This randomized controlled trial examined the effects of laughter yoga on resilience and coping attitudes in mothers of children hospitalized in the pediatric intensive care unit. Mothers whose children had been hospitalized for at least one week were randomly assigned to an intervention or control group. The intervention group participated in structured laughter yoga sessions lasting 15-20 minutes over 3-4 days, while the control group received routine care. Psychological resilience and coping attitudes were assessed using standardized measurement tools. The study aimed to provide evidence for a brief, non-pharmacological intervention to support maternal psychological well-being in PICU settings.
Having a child hospitalized in a pediatric intensive care unit (PICU) is a highly stressful experience for parents, particularly mothers, and is often associated with increased psychological distress, reduced resilience, and ineffective coping strategies. Despite the critical importance of supporting parental mental well-being in PICU settings, there is a lack of evidence-based, non-pharmacological interventions that simultaneously target resilience and coping attitudes. This study aimed to evaluate the effect of laughter yoga on resilience and coping attitudes in mothers of children in the pediatric intensive care unit. A single-blind, parallel-group randomized controlled trial was conducted with the mothers of children hospitalized in the PICU for at least one week. Mothers in the intervention group participated in structured laughter yoga sessions lasting 15-20 minutes over 3-4 days, while the control group received routine care only. Data were collected using the Connor-Davidson Resilience Scale and the Coping Attitudes Assessment Scale before and after the intervention.
Study Type
INTERVENTIONAL
Allocation
RANDOMIZED
Purpose
SUPPORTIVE_CARE
Masking
NONE
Enrollment
40
Mothers in the intervention group participated in structured laughter yoga sessions lasting 15-20 minutes, conducted over a period of 3-4 days.

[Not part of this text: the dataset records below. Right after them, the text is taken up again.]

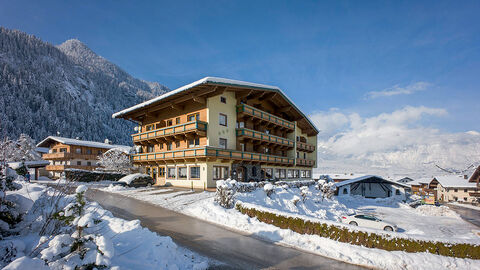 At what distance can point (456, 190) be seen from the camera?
6781cm

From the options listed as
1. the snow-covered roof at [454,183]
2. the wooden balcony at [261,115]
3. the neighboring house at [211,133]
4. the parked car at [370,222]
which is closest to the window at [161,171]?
the neighboring house at [211,133]

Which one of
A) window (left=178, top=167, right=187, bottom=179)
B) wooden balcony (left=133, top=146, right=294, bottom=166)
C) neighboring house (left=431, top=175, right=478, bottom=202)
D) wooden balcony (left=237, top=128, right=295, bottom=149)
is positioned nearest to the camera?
wooden balcony (left=133, top=146, right=294, bottom=166)

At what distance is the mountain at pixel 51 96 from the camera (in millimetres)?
100481

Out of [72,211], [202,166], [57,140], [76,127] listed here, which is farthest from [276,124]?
[76,127]

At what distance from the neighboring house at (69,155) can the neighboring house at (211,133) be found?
801 inches

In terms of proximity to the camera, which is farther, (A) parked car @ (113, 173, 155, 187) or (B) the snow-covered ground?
(A) parked car @ (113, 173, 155, 187)

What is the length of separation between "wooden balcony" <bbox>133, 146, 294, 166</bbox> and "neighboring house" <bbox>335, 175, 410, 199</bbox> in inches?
1019

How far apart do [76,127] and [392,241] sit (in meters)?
132

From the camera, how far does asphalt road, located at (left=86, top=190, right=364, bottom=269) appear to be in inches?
369

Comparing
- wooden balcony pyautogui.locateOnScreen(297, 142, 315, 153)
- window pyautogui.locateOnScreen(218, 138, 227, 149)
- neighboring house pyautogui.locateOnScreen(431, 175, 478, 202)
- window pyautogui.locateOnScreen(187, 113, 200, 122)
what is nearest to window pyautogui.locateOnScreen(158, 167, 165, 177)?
window pyautogui.locateOnScreen(187, 113, 200, 122)

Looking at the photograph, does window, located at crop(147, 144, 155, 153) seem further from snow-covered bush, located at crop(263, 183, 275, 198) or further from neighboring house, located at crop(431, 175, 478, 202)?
neighboring house, located at crop(431, 175, 478, 202)

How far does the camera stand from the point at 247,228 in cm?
1394

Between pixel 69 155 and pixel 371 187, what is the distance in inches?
2681

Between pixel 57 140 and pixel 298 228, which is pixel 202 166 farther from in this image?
pixel 57 140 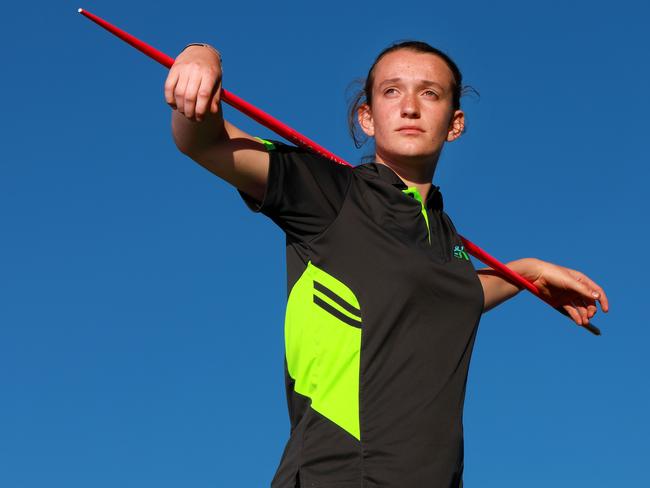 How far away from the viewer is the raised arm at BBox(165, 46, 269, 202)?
12.4 feet

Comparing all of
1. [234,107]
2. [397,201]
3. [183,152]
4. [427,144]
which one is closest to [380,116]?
[427,144]

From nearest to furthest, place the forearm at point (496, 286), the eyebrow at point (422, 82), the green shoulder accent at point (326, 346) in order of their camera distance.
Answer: the green shoulder accent at point (326, 346) → the eyebrow at point (422, 82) → the forearm at point (496, 286)

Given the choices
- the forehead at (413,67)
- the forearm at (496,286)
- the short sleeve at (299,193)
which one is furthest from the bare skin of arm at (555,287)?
the short sleeve at (299,193)

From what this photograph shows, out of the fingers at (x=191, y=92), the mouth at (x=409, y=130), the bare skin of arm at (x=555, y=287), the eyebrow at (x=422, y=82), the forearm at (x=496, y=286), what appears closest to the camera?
the fingers at (x=191, y=92)

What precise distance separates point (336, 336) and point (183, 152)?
1.05 metres

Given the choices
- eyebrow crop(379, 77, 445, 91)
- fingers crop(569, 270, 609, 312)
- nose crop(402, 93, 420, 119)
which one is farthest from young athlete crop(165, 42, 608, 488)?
fingers crop(569, 270, 609, 312)

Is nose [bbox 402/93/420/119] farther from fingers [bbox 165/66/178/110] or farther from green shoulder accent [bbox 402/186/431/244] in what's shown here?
fingers [bbox 165/66/178/110]

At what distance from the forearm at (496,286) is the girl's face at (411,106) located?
3.31 ft

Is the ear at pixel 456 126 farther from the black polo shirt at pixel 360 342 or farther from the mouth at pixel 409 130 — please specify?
the black polo shirt at pixel 360 342

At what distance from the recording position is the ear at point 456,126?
18.5ft

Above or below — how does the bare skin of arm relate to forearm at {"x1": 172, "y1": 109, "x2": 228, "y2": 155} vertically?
above

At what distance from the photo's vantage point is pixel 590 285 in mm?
6031

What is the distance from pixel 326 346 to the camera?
13.8 ft

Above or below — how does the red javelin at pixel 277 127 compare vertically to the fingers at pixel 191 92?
above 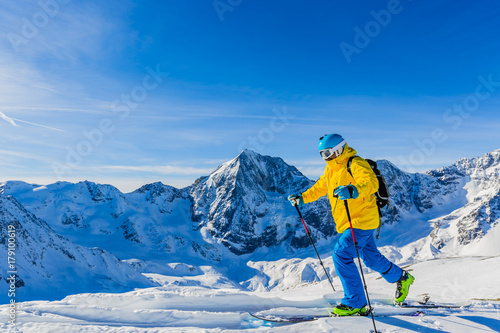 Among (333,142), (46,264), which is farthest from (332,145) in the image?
(46,264)

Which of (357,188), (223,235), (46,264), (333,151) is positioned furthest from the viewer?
(223,235)

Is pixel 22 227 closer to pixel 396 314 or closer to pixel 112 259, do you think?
pixel 112 259

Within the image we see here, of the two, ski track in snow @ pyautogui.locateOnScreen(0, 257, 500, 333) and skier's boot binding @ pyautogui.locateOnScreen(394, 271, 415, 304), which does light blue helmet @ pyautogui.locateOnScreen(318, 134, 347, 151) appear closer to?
ski track in snow @ pyautogui.locateOnScreen(0, 257, 500, 333)

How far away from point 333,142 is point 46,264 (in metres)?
71.9

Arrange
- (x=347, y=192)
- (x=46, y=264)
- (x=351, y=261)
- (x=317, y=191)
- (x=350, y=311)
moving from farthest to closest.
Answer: (x=46, y=264)
(x=317, y=191)
(x=351, y=261)
(x=350, y=311)
(x=347, y=192)

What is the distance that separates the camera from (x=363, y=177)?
4902 millimetres

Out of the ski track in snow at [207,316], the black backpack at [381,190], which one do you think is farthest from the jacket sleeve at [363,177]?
the ski track in snow at [207,316]

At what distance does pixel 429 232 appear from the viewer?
196 m

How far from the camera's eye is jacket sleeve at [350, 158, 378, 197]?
4785mm

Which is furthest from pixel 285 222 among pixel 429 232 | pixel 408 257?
pixel 429 232

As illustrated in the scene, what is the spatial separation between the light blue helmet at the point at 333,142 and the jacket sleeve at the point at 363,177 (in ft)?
1.22

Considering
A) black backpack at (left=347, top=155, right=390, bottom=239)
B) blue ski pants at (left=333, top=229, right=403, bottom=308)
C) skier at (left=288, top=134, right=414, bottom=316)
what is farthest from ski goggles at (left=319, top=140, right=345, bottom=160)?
blue ski pants at (left=333, top=229, right=403, bottom=308)

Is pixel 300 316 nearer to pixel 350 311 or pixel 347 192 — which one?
pixel 350 311

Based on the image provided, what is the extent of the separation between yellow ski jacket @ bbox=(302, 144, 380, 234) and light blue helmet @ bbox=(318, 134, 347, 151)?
149mm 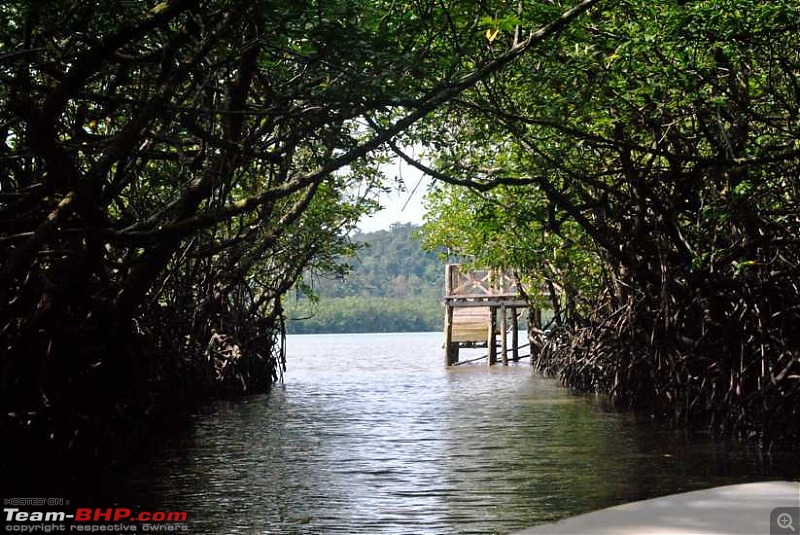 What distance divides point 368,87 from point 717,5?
8.66 ft

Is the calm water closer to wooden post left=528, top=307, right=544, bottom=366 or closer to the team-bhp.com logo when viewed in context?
the team-bhp.com logo

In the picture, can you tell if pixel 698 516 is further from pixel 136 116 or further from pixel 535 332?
pixel 535 332

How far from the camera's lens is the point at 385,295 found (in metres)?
94.6

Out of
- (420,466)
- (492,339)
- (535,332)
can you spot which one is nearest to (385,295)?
(492,339)

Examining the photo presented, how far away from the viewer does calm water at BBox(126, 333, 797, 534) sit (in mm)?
7391

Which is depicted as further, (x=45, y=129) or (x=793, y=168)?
(x=793, y=168)

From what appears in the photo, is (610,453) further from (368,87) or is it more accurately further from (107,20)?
(107,20)

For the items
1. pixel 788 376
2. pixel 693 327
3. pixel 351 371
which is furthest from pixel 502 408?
pixel 351 371

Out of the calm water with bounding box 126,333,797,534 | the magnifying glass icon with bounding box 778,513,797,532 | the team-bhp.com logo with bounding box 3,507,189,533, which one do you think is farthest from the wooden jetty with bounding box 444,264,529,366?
the magnifying glass icon with bounding box 778,513,797,532

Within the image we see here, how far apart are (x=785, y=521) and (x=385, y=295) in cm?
9246

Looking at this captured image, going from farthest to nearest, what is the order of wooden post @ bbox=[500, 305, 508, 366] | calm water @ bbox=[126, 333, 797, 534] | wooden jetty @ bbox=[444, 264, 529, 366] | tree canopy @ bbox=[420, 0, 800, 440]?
1. wooden jetty @ bbox=[444, 264, 529, 366]
2. wooden post @ bbox=[500, 305, 508, 366]
3. tree canopy @ bbox=[420, 0, 800, 440]
4. calm water @ bbox=[126, 333, 797, 534]

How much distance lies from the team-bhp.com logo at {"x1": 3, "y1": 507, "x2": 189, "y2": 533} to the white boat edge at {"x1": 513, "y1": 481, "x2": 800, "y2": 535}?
513 cm

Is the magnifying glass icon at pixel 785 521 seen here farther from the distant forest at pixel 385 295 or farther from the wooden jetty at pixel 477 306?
the distant forest at pixel 385 295

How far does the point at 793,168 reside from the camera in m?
9.55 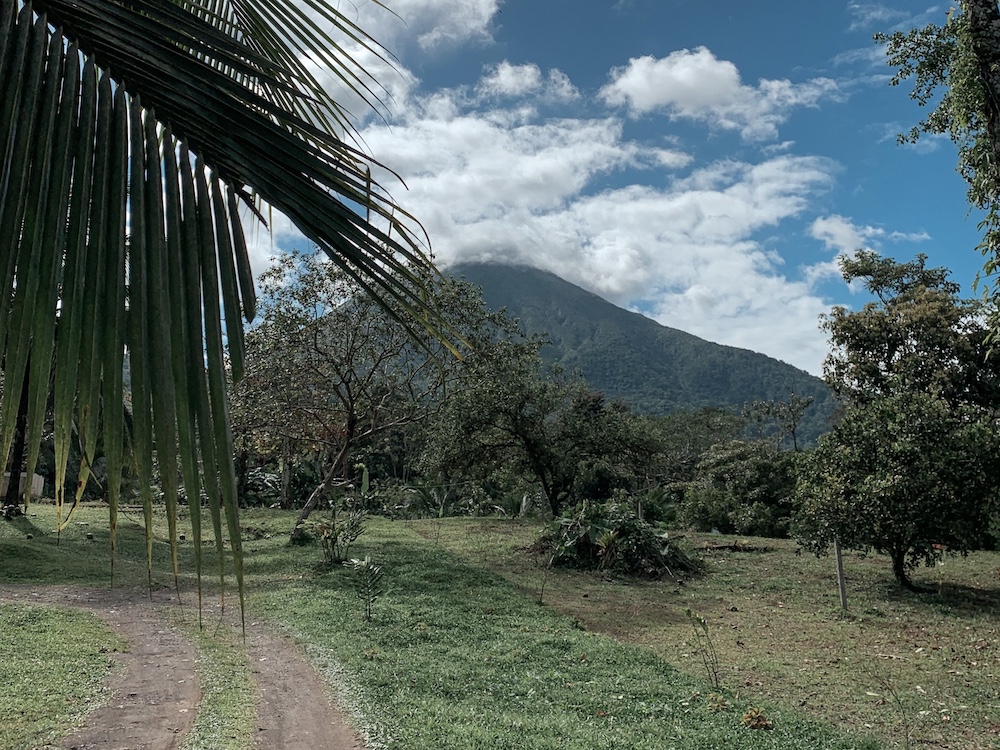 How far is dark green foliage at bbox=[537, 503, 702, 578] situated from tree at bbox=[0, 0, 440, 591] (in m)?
11.5

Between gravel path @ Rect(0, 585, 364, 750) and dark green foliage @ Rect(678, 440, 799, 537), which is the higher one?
dark green foliage @ Rect(678, 440, 799, 537)

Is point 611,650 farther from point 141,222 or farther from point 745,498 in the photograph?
point 745,498

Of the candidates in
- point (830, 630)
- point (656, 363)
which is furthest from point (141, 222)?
point (656, 363)

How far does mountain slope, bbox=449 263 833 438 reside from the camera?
386ft

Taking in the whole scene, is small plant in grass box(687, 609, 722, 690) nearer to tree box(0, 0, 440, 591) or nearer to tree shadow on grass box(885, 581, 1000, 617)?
tree shadow on grass box(885, 581, 1000, 617)

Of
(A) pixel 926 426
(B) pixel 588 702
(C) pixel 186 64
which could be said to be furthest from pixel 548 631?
(C) pixel 186 64

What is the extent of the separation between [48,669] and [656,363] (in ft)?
470

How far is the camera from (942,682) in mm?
5945

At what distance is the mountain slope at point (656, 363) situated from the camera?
117625 mm

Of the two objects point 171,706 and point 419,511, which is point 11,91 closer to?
point 171,706

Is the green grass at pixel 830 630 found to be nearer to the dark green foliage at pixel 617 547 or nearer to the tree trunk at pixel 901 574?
the tree trunk at pixel 901 574

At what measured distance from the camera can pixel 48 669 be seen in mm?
5324

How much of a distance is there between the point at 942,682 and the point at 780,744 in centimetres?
254

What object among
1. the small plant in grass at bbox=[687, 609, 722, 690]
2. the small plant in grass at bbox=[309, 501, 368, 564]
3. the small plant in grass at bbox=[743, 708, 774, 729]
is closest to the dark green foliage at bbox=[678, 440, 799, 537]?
the small plant in grass at bbox=[309, 501, 368, 564] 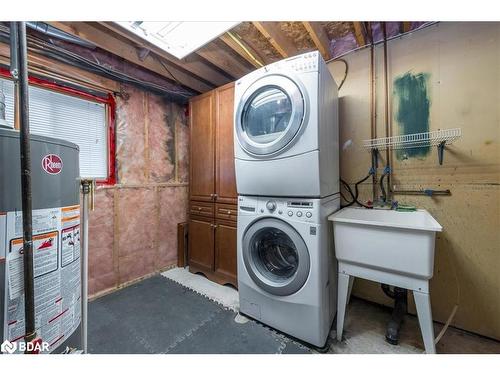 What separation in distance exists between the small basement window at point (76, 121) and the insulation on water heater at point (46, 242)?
0.99 m

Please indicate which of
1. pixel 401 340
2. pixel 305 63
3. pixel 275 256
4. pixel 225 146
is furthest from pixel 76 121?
pixel 401 340

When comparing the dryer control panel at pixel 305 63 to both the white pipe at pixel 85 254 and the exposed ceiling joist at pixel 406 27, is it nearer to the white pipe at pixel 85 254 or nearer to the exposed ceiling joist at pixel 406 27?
the exposed ceiling joist at pixel 406 27

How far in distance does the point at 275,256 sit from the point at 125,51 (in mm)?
2274

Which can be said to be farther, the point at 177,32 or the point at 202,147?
the point at 202,147

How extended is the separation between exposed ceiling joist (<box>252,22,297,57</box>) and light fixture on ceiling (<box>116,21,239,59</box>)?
34 centimetres

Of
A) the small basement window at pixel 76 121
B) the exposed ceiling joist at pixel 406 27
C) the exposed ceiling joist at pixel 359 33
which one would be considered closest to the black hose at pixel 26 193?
the small basement window at pixel 76 121

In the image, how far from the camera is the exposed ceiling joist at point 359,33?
1.77 m

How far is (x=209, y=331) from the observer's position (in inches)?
63.2

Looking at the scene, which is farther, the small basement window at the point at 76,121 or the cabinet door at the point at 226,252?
the cabinet door at the point at 226,252

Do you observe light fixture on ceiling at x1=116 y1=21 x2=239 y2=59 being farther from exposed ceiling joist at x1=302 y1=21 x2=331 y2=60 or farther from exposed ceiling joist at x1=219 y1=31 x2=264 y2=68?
exposed ceiling joist at x1=302 y1=21 x2=331 y2=60

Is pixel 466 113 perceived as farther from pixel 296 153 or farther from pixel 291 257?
pixel 291 257

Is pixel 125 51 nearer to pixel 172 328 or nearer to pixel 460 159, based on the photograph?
pixel 172 328

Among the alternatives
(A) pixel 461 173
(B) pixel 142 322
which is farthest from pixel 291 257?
(A) pixel 461 173

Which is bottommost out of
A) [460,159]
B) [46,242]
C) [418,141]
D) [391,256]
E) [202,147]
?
[391,256] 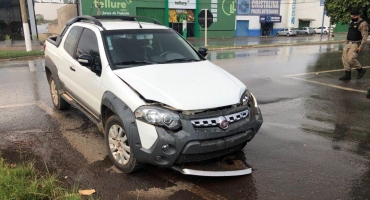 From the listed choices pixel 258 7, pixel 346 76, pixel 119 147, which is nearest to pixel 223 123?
pixel 119 147

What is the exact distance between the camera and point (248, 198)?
3.49 metres

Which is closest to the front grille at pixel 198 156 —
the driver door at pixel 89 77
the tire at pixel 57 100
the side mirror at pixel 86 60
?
the driver door at pixel 89 77

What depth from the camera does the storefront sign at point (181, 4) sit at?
148 ft

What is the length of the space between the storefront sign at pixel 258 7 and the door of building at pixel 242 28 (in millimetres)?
1434

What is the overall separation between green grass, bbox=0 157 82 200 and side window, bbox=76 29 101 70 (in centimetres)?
→ 167

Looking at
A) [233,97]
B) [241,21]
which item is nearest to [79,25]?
[233,97]

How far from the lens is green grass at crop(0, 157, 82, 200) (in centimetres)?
312

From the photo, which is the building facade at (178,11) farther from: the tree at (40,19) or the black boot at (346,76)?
the black boot at (346,76)

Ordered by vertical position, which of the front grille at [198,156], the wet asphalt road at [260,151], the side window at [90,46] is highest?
the side window at [90,46]

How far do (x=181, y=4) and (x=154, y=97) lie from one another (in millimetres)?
44386

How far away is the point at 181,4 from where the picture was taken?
46000 millimetres

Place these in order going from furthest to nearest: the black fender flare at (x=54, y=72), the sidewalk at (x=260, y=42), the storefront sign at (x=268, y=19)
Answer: the storefront sign at (x=268, y=19)
the sidewalk at (x=260, y=42)
the black fender flare at (x=54, y=72)

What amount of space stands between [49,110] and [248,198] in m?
4.62

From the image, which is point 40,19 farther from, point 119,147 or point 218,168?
point 218,168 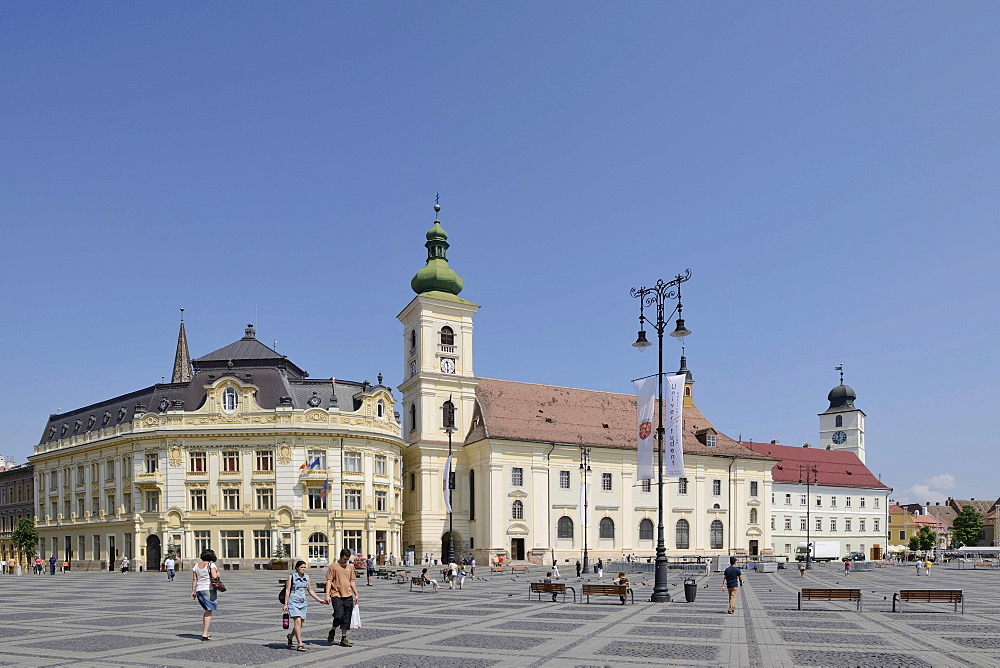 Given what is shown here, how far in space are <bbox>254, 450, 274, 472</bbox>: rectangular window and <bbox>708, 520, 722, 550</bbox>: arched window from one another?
40223mm

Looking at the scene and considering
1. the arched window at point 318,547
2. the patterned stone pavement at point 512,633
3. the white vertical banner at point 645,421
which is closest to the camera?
the patterned stone pavement at point 512,633

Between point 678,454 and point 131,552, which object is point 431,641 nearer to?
point 678,454

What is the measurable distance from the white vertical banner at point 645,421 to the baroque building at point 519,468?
124 ft

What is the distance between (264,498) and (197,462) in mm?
5572

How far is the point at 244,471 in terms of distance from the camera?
64.4 m

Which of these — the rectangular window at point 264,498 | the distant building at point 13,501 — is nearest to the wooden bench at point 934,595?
the rectangular window at point 264,498

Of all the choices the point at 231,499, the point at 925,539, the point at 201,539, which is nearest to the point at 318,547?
the point at 231,499

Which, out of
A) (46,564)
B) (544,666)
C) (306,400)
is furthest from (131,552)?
(544,666)

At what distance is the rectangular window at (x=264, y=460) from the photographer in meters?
64.6

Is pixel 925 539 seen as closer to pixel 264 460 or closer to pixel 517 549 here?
pixel 517 549

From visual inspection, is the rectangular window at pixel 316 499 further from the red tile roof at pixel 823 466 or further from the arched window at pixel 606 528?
the red tile roof at pixel 823 466

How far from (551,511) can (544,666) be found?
60.4 meters

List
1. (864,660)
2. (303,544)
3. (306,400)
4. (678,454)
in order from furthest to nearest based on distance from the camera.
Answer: (306,400) < (303,544) < (678,454) < (864,660)

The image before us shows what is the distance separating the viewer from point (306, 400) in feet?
223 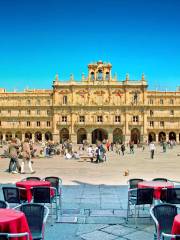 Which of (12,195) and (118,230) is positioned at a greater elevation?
(12,195)

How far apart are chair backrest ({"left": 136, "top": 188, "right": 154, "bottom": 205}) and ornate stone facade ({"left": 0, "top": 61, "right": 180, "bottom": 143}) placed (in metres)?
63.0

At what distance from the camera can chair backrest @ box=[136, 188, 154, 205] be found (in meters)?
7.86

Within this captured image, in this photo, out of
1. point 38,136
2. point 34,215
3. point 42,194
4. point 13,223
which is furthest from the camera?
point 38,136

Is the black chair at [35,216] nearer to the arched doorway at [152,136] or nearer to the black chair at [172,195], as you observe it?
the black chair at [172,195]

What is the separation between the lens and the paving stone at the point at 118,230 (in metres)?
7.31

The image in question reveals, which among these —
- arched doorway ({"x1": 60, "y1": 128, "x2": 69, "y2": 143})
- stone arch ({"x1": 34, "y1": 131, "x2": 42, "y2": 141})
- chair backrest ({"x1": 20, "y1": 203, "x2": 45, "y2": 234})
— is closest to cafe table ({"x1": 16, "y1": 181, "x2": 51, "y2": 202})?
chair backrest ({"x1": 20, "y1": 203, "x2": 45, "y2": 234})

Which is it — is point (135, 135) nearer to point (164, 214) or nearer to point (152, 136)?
point (152, 136)

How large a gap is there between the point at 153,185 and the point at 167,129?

Buca Seyfi Demirsoy Training and Research Hospital
Izmir, Turkey (Türkiye)
Connor-Davidson Resilience Scale
The Connor-Davidson Resilience Scale (CD-RISC-10) was originally developed by Connor and Davidson (2003), subsequently shortened to 10 items by Campbell-Sills and Stein (2007), and adapted to Turkish by Sarıçam (2010). The scale is scored using a five-point Likert-type format (0-4), with higher total scores indicating greater resilience. In the Turkish validity and reliability study, the scale was reported to have a single-factor structure with a Cronbach's alpha coefficient of 0.81. In the present study, Cronbach's alpha coefficients were 0.79 for the pre-test and 0.80 for the post-test.
Time frame: Six months
Coping Attitudes Assessment Scale
The scale was originally developed by Carver et al. (1989) and adapted into Turkish by Dicle and Ersanlı (2015). The adapted version consists of 32 items and 5 subscales: Self-Help, Approach, Adaptation, Avoidance-Escape, and Self-Punishment. Items are rated on a four-point Likert-type scale, with higher total scores indicating more effective coping attitudes. In the Turkish validity and reliability study, the overall internal consistency coefficient was reported as 0.97, with Cronbach's alpha values for the subscales ranging from 0.96 to 0.99. In the present study, the overall internal consistency of the scale was 0.78 in the pre-test and 0.81 in the post-test, while Cronbach's alpha values for the subscales ranged between 0.79 and 0.82.